• [What you should do] Would you reproduce exactly, and only, the lines starting at the one with "Jihyo (TWICE) photo 18 of 1324" and ending at the last line of the data, with both included? Leave the pictures out.

• [Source material]
# # # # #

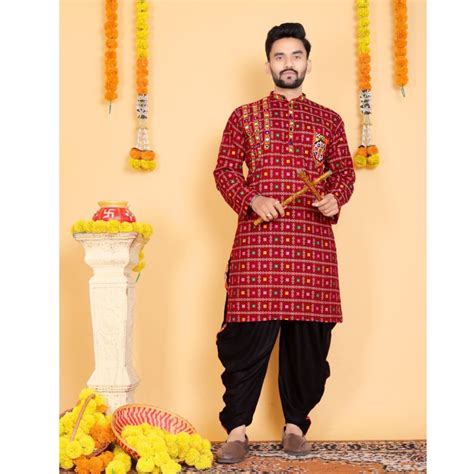 Navratri Traditional Indian Maroon Men Kurta Dhoti Set – mahezon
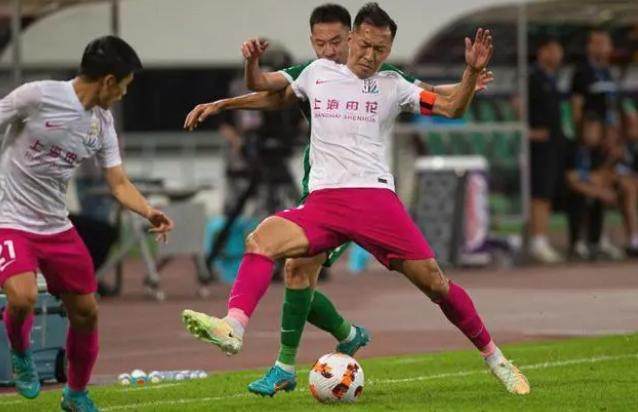 申花欣喜挤进前三 吴金贵的防反战术充满杀招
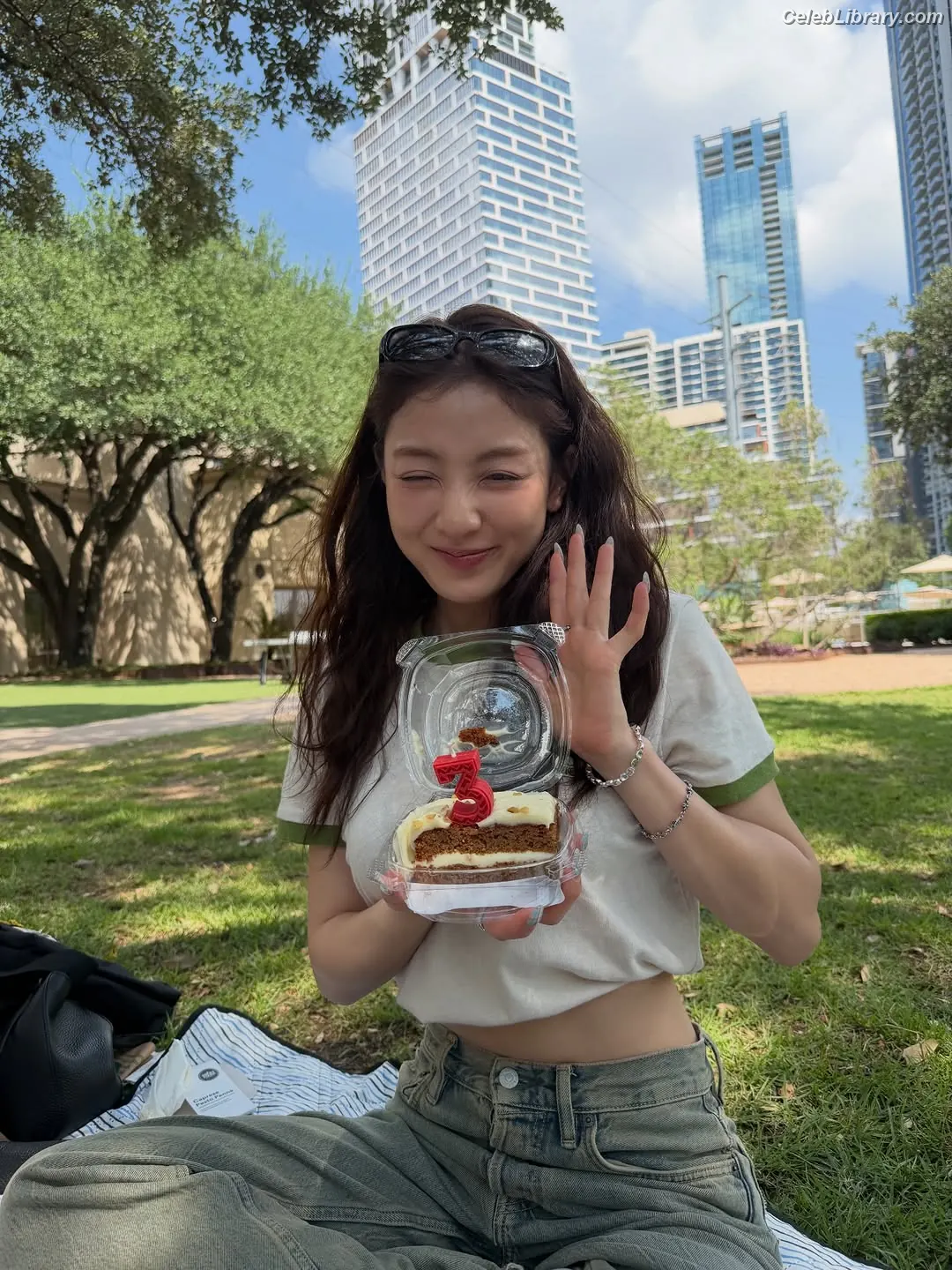 Jihyo (TWICE) photo 18 of 1324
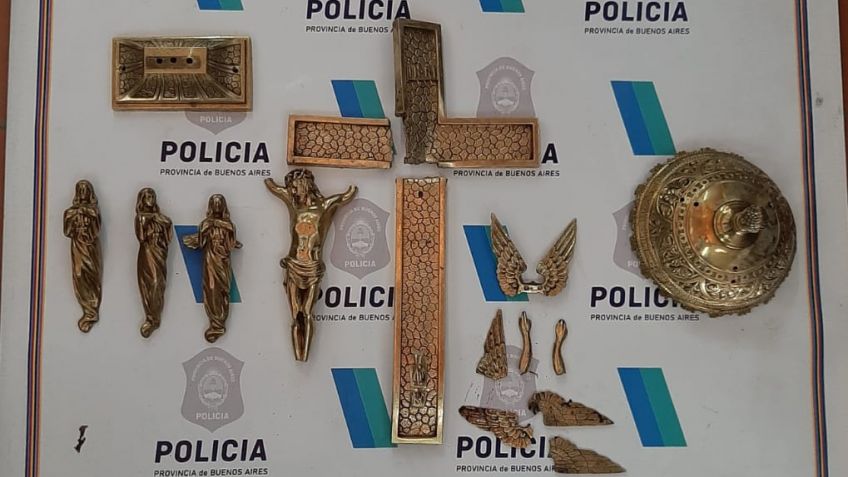 Personal policial recuperó elementos robados de una iglesia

# # # # #

• [Solution to this task]
 Jihyo (TWICE) photo 18 of 1324
 Personal policial recuperó elementos robados de una iglesia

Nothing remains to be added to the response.